To begin, we added up our weekly total based upon the Hunger Challenge Budget. At $22.00 per day for a family of 4, we have $154.00 to spend for 7 days. The kids and I talked about what they might like to eat for breakfast, lunch and dinner. On Friday we headed to Trader Joe’s to do most of our shopping. We spent $69.00. To that we added $29.00, the cost of our weekly produce delivery from Jubilee Farm. We also added in the price of items we already had at home ( not really supposed to do this, but I didn’t want to waste what we already had), for a total of $120.00 spent. We figured we better not spend all our money at the beginning of the week, since there are sure to be some items we will need money for later. Shopping at Trader Joe’s with a budget was fun. Rachel pushed the cart and Alex added up the price of all the food on my calculator.( I used to do this in my head on shopping trips as a kid!) We made sure we had enough food for all our breakfasts, most lunches and all our dinners. Each kid chose a luxury item. On Saturday the kids ate lots of chocolate and drank Inca Cola, knowing those were not in the hunger action week budget. Went to bed looking forward to the week…

2 comments:

  1. A family in our homeschool group (9 kids) actually sticks to a grocery budget of $50 per week, with $100 every third week!!
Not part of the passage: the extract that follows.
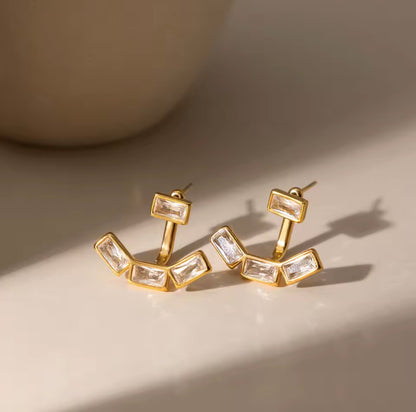 Aretes - PREMIUM | ✨Chapado en oro PVD 18K | 💦 Waterproof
    Okay, so they're on a farm, but still. They do stuff like make their own crackers (tastier and cheaper, according to her post about it!). Amazing, don't you think?

    When we were first married w/new babies, Bill asked me to try to cut $$$ out of our grocery budget and I thought "what?? how would I do that? We have to have food, right?" Sigh...what a long way we've come since those days!! :)

    ReplyDelete
  2. I would love to farm and have a budget of $50.00 per week. How cool!